[[ Data block, beginning ]]

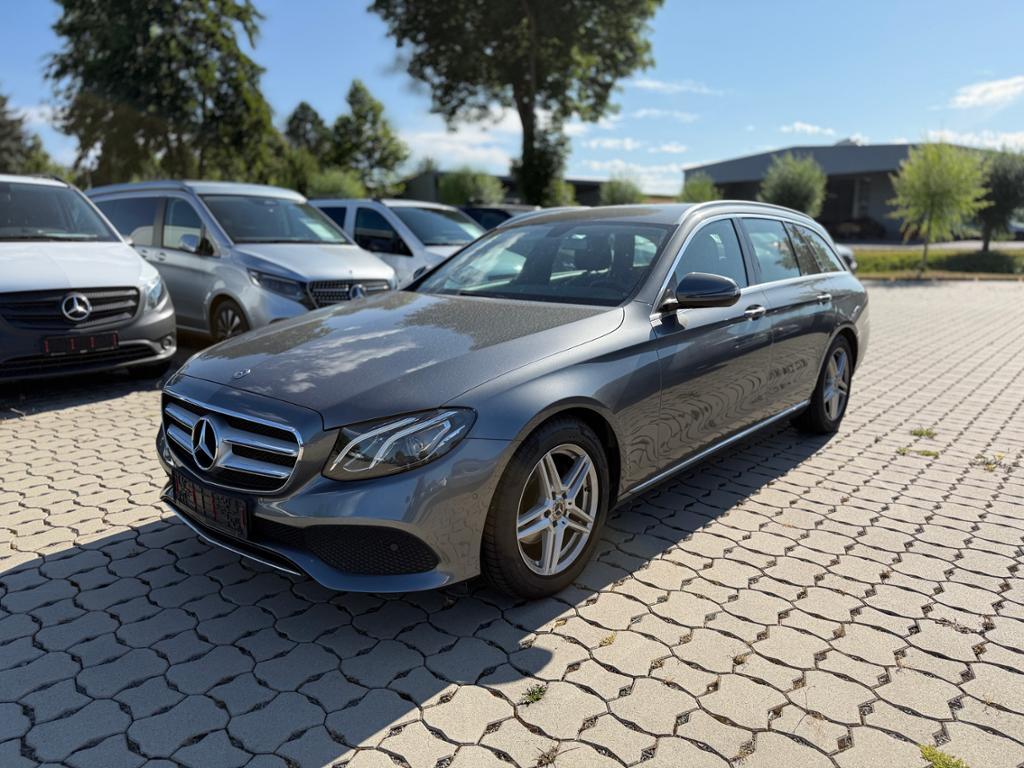 Mercedes-Benz E 220 d T Avantgarde*LED*Kamera*Widescreen*AHK*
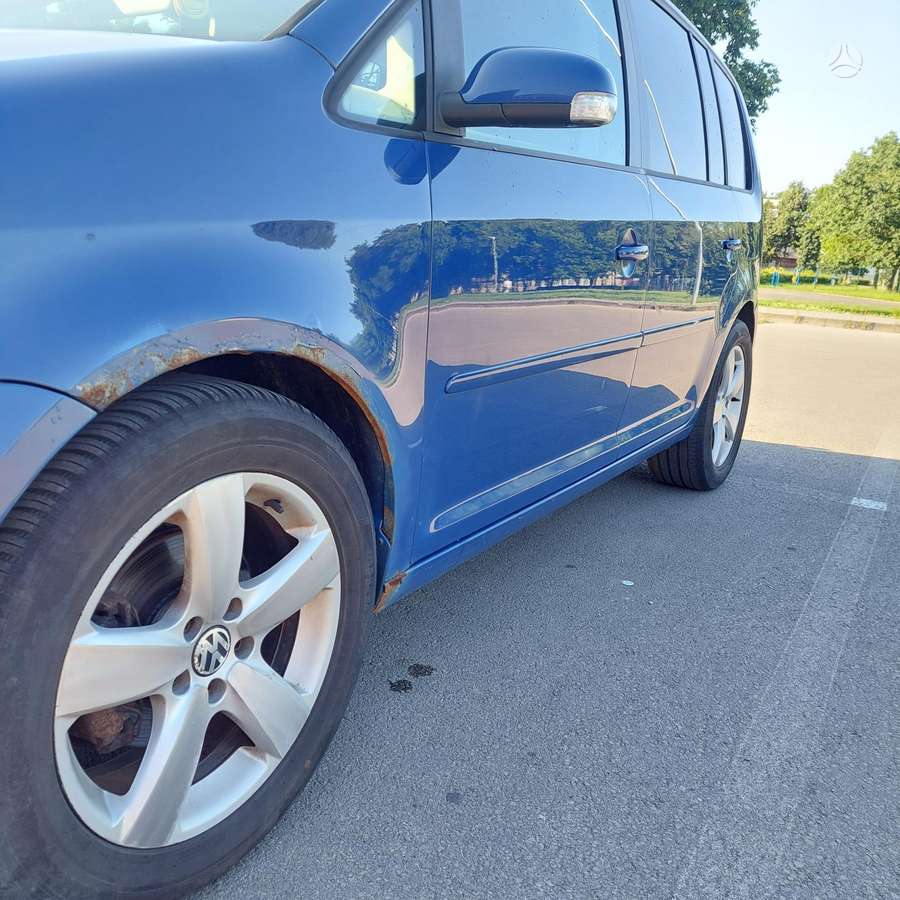 Volkswagen Touran - 5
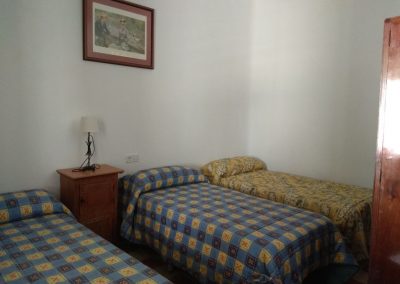 Dormitorio con tres camas casa Isabel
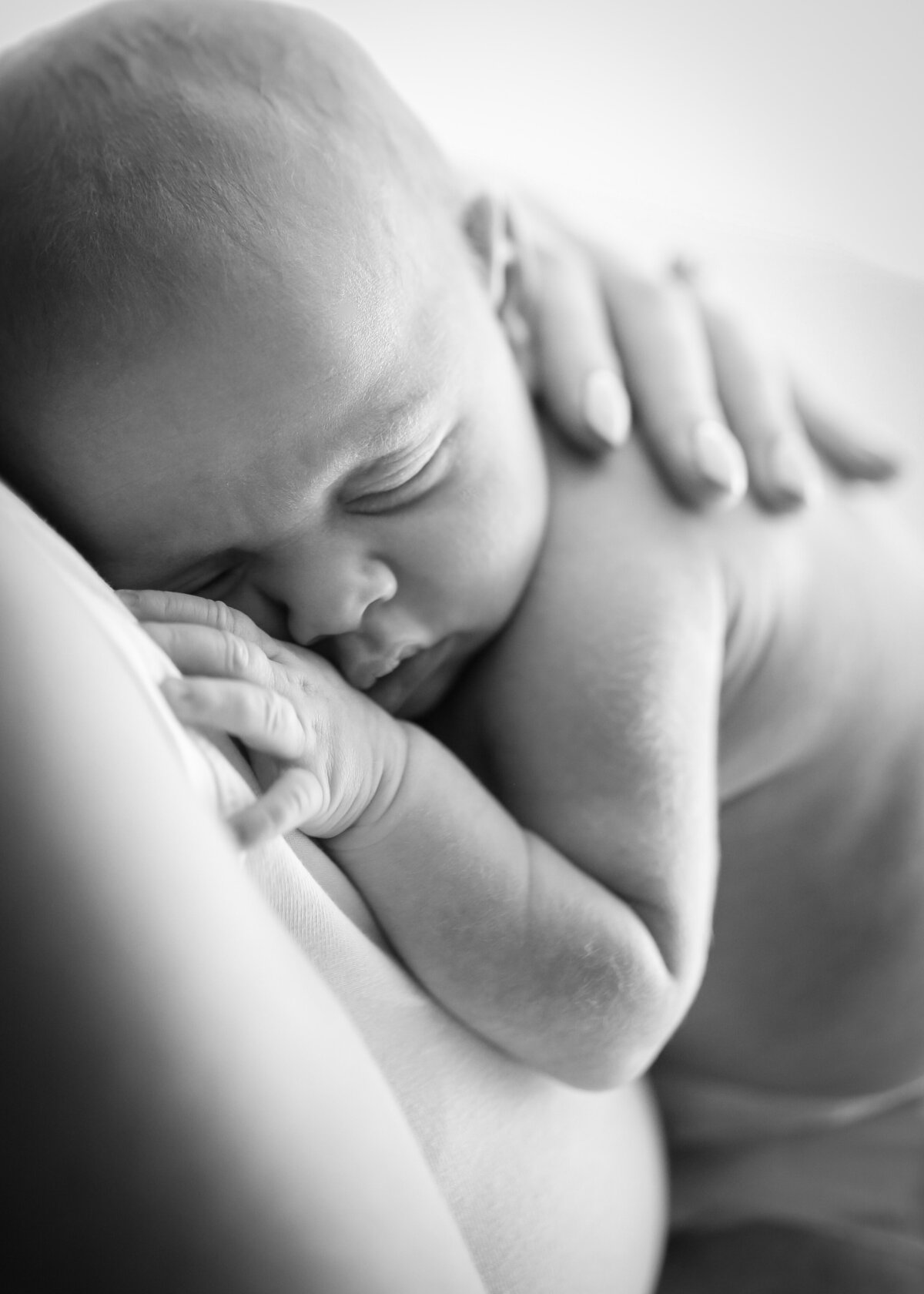 Vanessa is an experienced photographer specialising in newborns and babies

[[ Data block, end ]]

What you are asked to do:
Copy all the lines of data exactly as they appear, dropping any images.

Exercise solution:
 Mercedes-Benz E 220 d T Avantgarde*LED*Kamera*Widescreen*AHK*
 Volkswagen Touran - 5
 Dormitorio con tres camas casa Isabel
 Vanessa is an experienced photographer specialising in newborns and babies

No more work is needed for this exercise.